Well, pardner, belly on up to the table, place your chips on the felt, and see if any of the casinos here in Las Vegas are willing to take that bet. Because if history is any indication, NASCAR's super team doesn't really get rolling until the series visits 1.5-mile Las Vegas Motor Speedway, where Hendrick began the streak of good luck that netted it the big jackpot at the end of last year.

Rusty Jarrett/Getty Images

By the Numbers: 4

Consecutive victories at Las Vegas for Jimmie Johnson IF he wins the UAW-Dodge 400 this week. Johnson has been involved in a couple of other four-race win streaks.

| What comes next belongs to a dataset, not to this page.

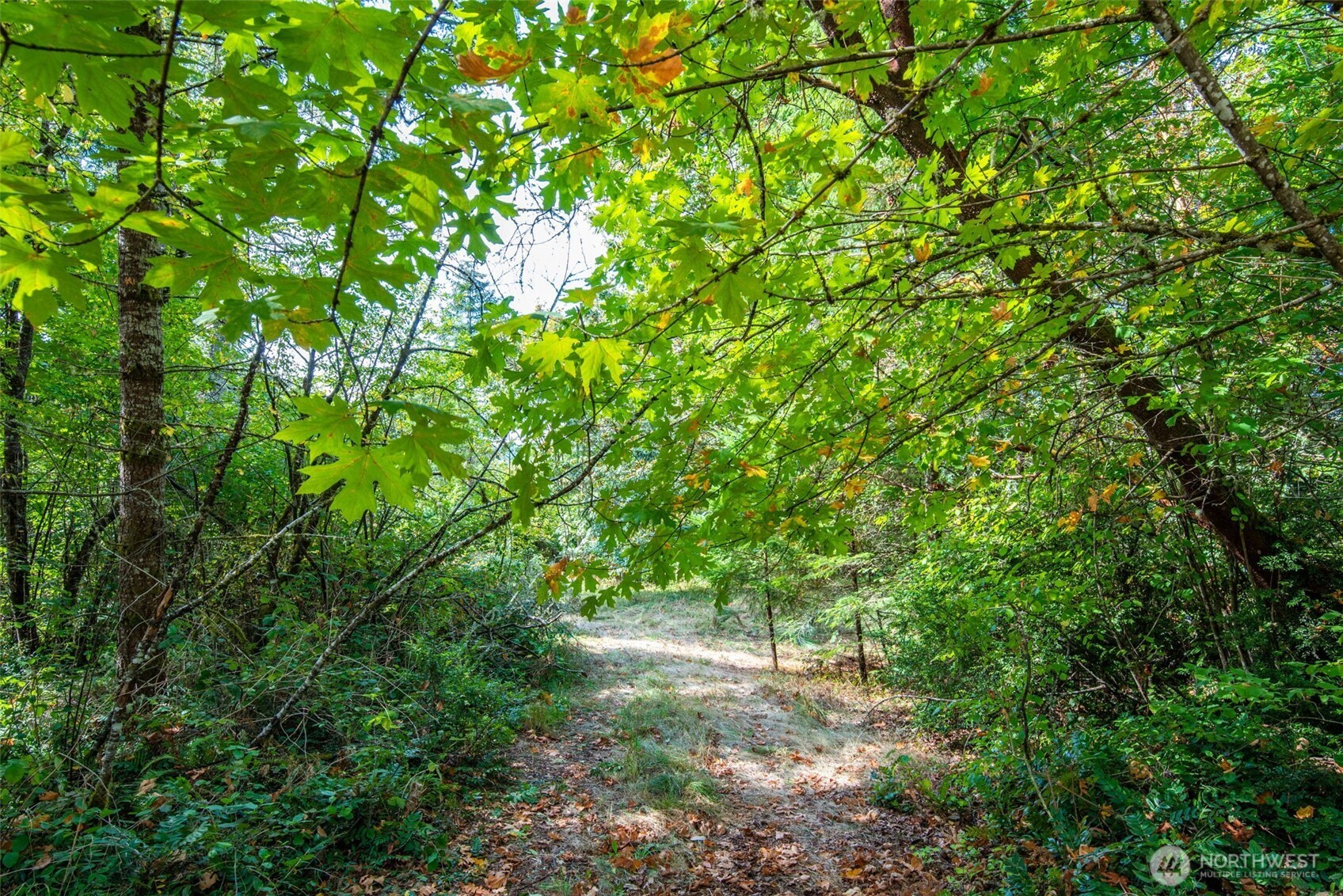 Photo 2 of Land for sale at 12406 114th Avenue Nw, Gig Harbor, WA 98329 | MLS# NWM2586780 | Listing updated on 2026-09-24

Jimmie Johnson's victory in the desert last March kick-started a run of 10 race wins in 12 weeks for the organization that ultimately won 18 of 36 Cup events and collected its seventh championship. Then as now, Hendrick cars had trouble in the season-opening Daytona 500 and weren't a factor in the end. Then as now, Hendrick drivers rebounded with second- and third-place finishes at California, with Johnson and Jeff Gordon on Monday reversing their positions from a year ago. And then as now, Hendrick's two big guns come to the desert ready to assert themselves at the top of the standings.

"I really feel at this point of the season, it's about hitting your stride," said Johnson, who's won the past three races at the facility, which was resurfaced and reconfigured last year. "Vegas seems to be a track where we get things rolling and moving in the right direction."

That's particularly true for Johnson, who won his third consecutive event at Las Vegas last year despite the changes in the racetrack, and will go for four in a row this year in a new car. But this isn't Lowe's Motor Speedway outside Charlotte, a place where Johnson felt comfortable from the beginning, and looked it in the string of five wins in six points events he complied there from 2003-05. Las Vegas is all about adaptation, nothing new for a driver and crew that's been near the top of the sport for seven years now.

"When I think about tracks that I really look forward to going to, the Vegas track is not one of those," he said. "It's because it's early in the season. There's a lot of doubt in my mind. There's usually new things with cars and setups, new crew members. There's really a lot of doubt surrounding Vegas, it's so early in the season. So, unfortunately, I don't think of Vegas when I think about tracks that I look forward to going to, and I should. I've had a lot of success [there]. It's a great facility. Mentally, I guess I'm focused in other areas."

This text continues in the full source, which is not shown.